*WORK TASK*:
Return every line of the data below that includes the string "cover".

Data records
Start of Block
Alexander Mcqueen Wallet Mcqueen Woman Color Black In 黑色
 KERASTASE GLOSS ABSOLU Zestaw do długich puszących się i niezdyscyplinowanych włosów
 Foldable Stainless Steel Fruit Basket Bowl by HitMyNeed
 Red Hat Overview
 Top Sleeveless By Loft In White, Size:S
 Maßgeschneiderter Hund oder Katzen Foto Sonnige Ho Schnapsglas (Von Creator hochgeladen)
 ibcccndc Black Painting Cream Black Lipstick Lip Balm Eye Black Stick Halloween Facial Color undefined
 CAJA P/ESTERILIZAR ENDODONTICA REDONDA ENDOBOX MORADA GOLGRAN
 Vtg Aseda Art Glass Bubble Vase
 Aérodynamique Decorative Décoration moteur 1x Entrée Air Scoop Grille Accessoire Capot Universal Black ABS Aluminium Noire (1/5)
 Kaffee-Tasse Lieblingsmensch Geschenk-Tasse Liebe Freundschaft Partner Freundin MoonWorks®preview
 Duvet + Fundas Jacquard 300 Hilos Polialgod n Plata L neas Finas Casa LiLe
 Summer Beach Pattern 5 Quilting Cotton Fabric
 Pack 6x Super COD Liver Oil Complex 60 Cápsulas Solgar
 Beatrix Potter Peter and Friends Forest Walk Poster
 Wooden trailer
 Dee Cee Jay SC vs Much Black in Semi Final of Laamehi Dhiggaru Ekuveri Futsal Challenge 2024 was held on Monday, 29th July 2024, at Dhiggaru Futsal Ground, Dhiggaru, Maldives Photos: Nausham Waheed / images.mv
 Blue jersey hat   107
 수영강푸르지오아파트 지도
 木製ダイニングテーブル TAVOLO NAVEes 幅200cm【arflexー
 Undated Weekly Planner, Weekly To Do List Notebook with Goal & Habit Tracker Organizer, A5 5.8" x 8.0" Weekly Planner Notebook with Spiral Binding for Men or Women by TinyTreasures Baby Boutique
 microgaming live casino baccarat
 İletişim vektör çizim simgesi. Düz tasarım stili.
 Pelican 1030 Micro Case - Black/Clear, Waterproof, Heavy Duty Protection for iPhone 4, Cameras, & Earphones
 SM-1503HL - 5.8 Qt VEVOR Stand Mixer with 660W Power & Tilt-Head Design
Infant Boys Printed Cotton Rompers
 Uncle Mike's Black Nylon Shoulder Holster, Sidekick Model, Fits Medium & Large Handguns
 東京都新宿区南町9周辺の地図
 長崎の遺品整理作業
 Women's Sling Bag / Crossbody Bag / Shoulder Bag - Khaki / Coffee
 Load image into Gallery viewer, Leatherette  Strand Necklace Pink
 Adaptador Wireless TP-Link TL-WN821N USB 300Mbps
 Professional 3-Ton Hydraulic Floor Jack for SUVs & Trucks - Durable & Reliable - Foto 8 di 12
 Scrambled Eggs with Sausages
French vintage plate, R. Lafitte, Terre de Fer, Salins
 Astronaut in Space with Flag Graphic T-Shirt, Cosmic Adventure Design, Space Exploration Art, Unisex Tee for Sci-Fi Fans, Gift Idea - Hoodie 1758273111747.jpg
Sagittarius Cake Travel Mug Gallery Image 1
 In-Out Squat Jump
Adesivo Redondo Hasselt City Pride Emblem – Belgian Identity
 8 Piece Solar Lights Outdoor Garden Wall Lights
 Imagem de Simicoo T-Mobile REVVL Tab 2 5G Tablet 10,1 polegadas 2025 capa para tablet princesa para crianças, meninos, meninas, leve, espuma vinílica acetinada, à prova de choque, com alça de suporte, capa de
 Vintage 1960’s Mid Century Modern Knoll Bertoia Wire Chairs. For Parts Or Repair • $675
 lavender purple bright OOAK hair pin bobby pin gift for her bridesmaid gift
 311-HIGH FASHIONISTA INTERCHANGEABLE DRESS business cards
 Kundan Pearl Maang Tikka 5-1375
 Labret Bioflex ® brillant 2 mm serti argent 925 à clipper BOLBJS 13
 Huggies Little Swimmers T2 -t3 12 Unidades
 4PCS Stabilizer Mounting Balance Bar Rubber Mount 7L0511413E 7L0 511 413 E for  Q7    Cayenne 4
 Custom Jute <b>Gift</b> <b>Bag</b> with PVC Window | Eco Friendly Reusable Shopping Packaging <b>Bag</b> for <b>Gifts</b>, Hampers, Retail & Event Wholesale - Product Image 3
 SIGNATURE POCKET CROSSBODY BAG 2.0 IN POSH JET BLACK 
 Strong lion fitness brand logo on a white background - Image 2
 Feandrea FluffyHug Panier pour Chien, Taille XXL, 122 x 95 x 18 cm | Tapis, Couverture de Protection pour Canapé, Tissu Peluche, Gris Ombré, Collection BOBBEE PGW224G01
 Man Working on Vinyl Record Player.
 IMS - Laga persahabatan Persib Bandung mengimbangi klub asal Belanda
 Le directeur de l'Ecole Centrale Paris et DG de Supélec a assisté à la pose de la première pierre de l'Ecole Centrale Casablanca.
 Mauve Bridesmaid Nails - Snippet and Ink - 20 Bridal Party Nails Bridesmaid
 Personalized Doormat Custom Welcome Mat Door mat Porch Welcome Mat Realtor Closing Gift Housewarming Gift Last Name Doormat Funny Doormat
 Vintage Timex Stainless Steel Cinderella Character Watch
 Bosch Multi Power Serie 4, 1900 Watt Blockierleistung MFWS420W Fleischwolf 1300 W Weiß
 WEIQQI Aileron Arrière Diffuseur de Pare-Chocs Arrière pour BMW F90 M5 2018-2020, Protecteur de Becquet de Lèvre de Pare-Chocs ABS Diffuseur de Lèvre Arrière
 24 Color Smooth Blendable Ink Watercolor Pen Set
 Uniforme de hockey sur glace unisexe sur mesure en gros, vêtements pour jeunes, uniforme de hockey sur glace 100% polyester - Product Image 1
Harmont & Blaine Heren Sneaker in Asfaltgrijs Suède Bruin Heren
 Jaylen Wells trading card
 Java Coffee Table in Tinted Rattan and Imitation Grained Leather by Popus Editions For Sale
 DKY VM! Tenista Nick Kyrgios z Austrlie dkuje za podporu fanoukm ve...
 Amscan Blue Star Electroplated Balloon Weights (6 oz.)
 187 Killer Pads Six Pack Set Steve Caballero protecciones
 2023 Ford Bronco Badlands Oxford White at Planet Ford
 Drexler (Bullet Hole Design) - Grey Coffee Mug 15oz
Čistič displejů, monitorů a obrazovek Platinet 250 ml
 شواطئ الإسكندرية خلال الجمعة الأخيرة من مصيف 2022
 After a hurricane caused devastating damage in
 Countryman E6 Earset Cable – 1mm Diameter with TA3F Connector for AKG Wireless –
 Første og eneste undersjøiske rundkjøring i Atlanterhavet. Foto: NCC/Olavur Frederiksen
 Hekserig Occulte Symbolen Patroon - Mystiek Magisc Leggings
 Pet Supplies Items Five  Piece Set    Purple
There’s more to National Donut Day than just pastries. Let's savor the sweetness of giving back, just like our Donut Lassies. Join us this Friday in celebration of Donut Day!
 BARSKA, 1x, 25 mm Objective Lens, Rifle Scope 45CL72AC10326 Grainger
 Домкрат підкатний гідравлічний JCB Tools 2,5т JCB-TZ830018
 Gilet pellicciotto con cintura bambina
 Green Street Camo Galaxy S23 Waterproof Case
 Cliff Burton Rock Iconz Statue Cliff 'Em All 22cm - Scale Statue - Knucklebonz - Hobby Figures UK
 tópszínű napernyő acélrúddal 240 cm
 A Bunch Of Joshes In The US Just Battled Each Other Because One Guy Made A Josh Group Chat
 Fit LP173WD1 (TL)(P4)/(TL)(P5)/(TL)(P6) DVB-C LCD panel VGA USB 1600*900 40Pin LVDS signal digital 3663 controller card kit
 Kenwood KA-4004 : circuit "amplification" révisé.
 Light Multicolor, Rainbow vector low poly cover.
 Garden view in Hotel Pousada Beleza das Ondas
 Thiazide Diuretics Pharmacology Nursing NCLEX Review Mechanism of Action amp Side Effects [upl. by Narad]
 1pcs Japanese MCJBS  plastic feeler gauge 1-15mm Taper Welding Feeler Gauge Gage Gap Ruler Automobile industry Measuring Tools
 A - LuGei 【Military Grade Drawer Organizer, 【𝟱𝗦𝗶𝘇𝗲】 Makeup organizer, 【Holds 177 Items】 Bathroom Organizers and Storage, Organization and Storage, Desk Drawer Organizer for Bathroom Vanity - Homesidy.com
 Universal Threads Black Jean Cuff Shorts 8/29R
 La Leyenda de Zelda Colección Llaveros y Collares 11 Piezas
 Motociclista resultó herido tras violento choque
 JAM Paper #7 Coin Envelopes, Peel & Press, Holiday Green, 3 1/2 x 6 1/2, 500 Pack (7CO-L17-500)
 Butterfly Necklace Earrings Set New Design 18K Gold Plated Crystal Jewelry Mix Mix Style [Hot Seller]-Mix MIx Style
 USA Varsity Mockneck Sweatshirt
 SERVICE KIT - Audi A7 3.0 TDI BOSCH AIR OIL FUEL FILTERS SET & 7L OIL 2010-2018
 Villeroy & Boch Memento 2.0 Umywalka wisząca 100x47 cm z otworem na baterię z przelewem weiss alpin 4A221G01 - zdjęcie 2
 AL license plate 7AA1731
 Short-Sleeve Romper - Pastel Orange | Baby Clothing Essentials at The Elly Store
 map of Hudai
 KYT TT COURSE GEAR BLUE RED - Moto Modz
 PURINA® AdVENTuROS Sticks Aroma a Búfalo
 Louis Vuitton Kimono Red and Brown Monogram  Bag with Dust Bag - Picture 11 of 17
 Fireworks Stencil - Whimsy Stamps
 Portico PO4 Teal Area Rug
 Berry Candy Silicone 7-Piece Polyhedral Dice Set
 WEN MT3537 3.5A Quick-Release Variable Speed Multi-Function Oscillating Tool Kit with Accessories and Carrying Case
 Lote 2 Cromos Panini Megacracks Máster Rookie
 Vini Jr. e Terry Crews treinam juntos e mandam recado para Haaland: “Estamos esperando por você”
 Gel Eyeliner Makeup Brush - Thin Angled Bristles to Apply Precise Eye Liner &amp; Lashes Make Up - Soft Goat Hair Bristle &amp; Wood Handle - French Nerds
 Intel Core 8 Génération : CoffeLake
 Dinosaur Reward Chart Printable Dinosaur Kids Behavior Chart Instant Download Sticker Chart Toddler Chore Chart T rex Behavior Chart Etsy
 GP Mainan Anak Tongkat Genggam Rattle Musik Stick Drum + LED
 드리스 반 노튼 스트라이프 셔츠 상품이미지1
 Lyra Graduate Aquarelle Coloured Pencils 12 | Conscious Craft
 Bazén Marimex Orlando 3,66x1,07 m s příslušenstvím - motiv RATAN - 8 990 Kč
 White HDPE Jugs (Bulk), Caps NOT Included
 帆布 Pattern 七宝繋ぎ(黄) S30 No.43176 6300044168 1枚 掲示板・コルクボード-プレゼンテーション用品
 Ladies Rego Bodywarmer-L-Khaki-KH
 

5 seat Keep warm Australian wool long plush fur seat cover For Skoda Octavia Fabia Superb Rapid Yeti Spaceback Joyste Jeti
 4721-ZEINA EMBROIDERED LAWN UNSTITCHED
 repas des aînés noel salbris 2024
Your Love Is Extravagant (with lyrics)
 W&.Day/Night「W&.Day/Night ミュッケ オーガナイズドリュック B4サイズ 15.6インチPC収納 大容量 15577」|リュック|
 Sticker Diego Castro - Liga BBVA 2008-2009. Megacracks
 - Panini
End of Block
*REPLY*:
 Light Multicolor, Rainbow vector low poly cover.
5 seat Keep warm Australian wool long plush fur seat cover For Skoda Octavia Fabia Superb Rapid Yeti Spaceback Joyste Jeti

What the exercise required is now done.